Mario scosse leggermente la testa in un atteggiamento che voleva risultare educatamente evasivo ma che riuscì soltanto goffo, e di nuovo la guardò, in silenzio, mentre Walter, consumato psicologo da bar, correva in suo soccorso con qualche commento banale sulle auto e sulla pericolosità delle strade, riempiendo l’aria di provvido rumore che nessuno ascoltava.
Era bellissima, non tanto per il suo aspetto, ma perché in sé aveva qualcosa di giovane che sembrava colorare con prepotente naturalezza tutto ciò che aveva intorno.
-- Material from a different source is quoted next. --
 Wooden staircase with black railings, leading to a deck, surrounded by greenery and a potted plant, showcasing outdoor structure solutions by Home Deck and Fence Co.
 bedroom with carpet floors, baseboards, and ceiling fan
Se ne stava lì seduta, così fuori posto al bar di quello squallido alberghetto fuori dal mondo, dove sarebbe stata sicuramente più adatta una donna più vecchia, magari col trucco pesante e un po’ sfatto e i vestiti audaci a sottolineare il saldo patetico della sua sensualità; invece c’era lei e stava lì, dondolando un po’ le gambe sullo sgabello come una bambina, i capelli rosso acceso che le nascondevano appena gli occhi bellissimi, scarpe da ginnastica e un maglione verde ampio portato un po’ così, “un po’ sformato su un paio di jeans” pensò, e al ricordo della Farewell di Guccini, il fantasma di un sorriso, dopo secoli, sembrò cautamente sfiorargli il viso.
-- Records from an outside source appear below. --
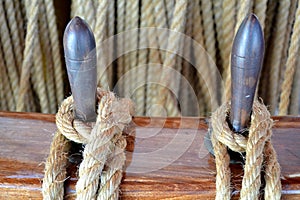 Details of tied rope from boat and wooden tools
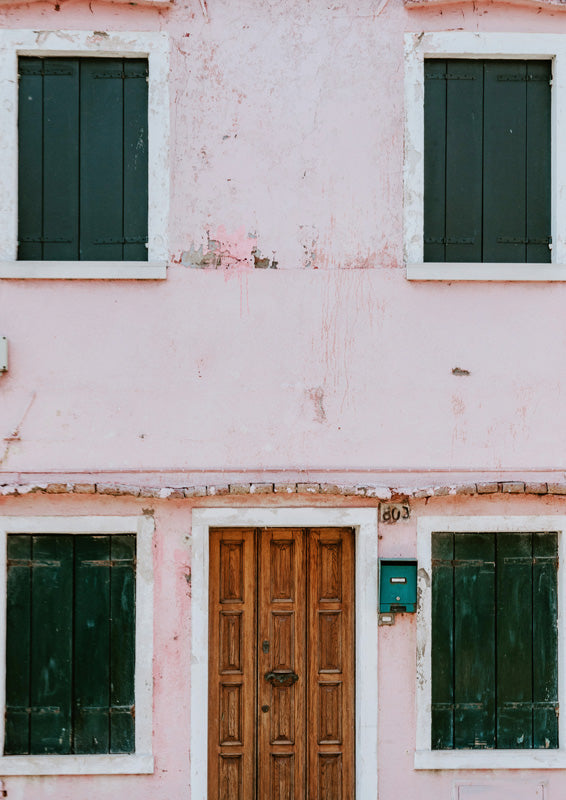Pink weathered building facade with green shutters and a wooden front door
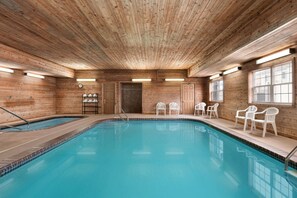 Indoor pool, open 8:00 AM to 10:00 PM, pool loungers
“Mi deve scusare ma sono molto stanco….” tagliò Mario “…me ne vado a dormire, buonanotte”. E si avviò verso le scale, mentre la voce di lei lo rincorreva accennando a qualcosa sull’indomani e sul fatto che lì era talmente un deserto…e che magari…si sarebbero fatti compagnia…
Giunto in camera sapeva che avrebbe preso sonno a fatica, e sapeva anche perché; perse di proposito più tempo del solito a prepararsi per la notte, come se lavarsi i denti per cinque minuti di più potesse salvarlo dai fantasmi che si apprestavano a fargli compagnia appena spenta la luce; poi, quando gli alibi che quella stanza di tre metri per cinque poteva fornire furono del tutto esauriti, tirò fuori dalla sua sacca un astuccio di pelle, ne estrasse una fotografia e si sedette sul bordo del letto tenendola in mano. Era sgualcita e un po’ spiegazzata, consumata dagli occhi e dal tempo, e vi si vedeva uno scenario tipo festa di compleanno finita da poco, con un tavolo da sparecchiare, qualche festone e avanzi vari di un tempo felice, in piedi una donna vestita di chiaro sorrideva accanto a una bambina sui dieci anni che stava seduta al tavolo, e sembrava dondolare le gambe.
Restò così, immobile, chino sulla foto per i minuti che bastano a comporre un’eternità, poi all’improvviso si alzò come chi ha finito di dire le preghiere della sera, ripose con cura la foto nel portaritratti e questo nella sacca, e con la stessa cura ne estrasse una calibro 9, la caricò, vi applicò il silenziatore, la collocò per bene sotto al cuscino, e tenendola ben stretta in pugno chiuse gli occhi, sperando di dormire.
Uscì sul piazzale deserto che in piena stagione doveva servire da parcheggio, che il sole era già alto, un sole deciso che sottolineava i colori violenti e bellissimi di quella natura che si abbracciava all’Hotel Due Sirene; il verde della collina di fronte, il giallo ancora bruno delle distese di grano sottostanti e il blu cupo del mare che brontolava poco distante percosso dal vento freddo di questo inverno che non se ne voleva andare. Si soffermò come tutte le mattine a guardare il paesaggio sfruttando la posizione sopraelevata dell’albergo che dava l’illusione di osservare il mondo di nascosto dal mondo, e come tutte le mattine indugiò un poco prima di decidersi a muoversi, senza meta per le campagne come faceva ormai ogni giorno; che cos’altro poteva fare in fondo uno come lui se non girare lontano da tutti, evitando accuratamente di mettere radici? Cos’altro poteva fare un fuggiasco come lui?